For the records below, print every one exactly, with nothing dropped.

DATA FOR THIS EXERCISE:

- - -

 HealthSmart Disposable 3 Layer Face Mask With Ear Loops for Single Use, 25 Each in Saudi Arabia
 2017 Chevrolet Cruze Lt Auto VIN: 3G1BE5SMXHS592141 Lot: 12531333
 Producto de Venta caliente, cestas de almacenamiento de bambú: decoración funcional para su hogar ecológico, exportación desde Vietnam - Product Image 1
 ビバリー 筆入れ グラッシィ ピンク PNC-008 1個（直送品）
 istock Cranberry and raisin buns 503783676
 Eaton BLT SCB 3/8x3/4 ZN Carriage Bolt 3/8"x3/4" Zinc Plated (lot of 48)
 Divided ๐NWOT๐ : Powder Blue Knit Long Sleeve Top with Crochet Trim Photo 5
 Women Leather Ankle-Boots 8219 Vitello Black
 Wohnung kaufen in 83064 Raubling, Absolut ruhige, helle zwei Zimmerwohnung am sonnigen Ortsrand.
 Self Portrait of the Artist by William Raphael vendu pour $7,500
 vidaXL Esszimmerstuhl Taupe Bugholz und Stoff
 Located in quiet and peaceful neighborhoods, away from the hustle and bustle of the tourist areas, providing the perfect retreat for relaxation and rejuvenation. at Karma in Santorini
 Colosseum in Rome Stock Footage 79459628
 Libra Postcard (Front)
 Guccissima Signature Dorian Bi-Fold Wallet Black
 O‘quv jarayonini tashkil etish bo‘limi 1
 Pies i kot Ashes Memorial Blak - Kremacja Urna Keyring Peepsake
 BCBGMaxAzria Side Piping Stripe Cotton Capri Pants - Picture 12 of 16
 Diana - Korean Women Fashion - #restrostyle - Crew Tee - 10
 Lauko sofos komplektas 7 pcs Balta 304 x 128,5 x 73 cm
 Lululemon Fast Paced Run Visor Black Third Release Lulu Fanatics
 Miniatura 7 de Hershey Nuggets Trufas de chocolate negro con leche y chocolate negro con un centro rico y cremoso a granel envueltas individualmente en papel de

- - -

ANSWER AREA:
 HealthSmart Disposable 3 Layer Face Mask With Ear Loops for Single Use, 25 Each in Saudi Arabia
 2017 Chevrolet Cruze Lt Auto VIN: 3G1BE5SMXHS592141 Lot: 12531333
 Producto de Venta caliente, cestas de almacenamiento de bambú: decoración funcional para su hogar ecológico, exportación desde Vietnam - Product Image 1
 ビバリー 筆入れ グラッシィ ピンク PNC-008 1個（直送品）
 istock Cranberry and raisin buns 503783676
 Eaton BLT SCB 3/8x3/4 ZN Carriage Bolt 3/8"x3/4" Zinc Plated (lot of 48)
 Divided ๐NWOT๐ : Powder Blue Knit Long Sleeve Top with Crochet Trim Photo 5
 Women Leather Ankle-Boots 8219 Vitello Black
 Wohnung kaufen in 83064 Raubling, Absolut ruhige, helle zwei Zimmerwohnung am sonnigen Ortsrand.
 Self Portrait of the Artist by William Raphael vendu pour $7,500
 vidaXL Esszimmerstuhl Taupe Bugholz und Stoff
 Located in quiet and peaceful neighborhoods, away from the hustle and bustle of the tourist areas, providing the perfect retreat for relaxation and rejuvenation. at Karma in Santorini
 Colosseum in Rome Stock Footage 79459628
 Libra Postcard (Front)
 Guccissima Signature Dorian Bi-Fold Wallet Black
 O‘quv jarayonini tashkil etish bo‘limi 1
 Pies i kot Ashes Memorial Blak - Kremacja Urna Keyring Peepsake
 BCBGMaxAzria Side Piping Stripe Cotton Capri Pants - Picture 12 of 16
 Diana - Korean Women Fashion - #restrostyle - Crew Tee - 10
 Lauko sofos komplektas 7 pcs Balta 304 x 128,5 x 73 cm
 Lululemon Fast Paced Run Visor Black Third Release Lulu Fanatics
 Miniatura 7 de Hershey Nuggets Trufas de chocolate negro con leche y chocolate negro con un centro rico y cremoso a granel envueltas individualmente en papel de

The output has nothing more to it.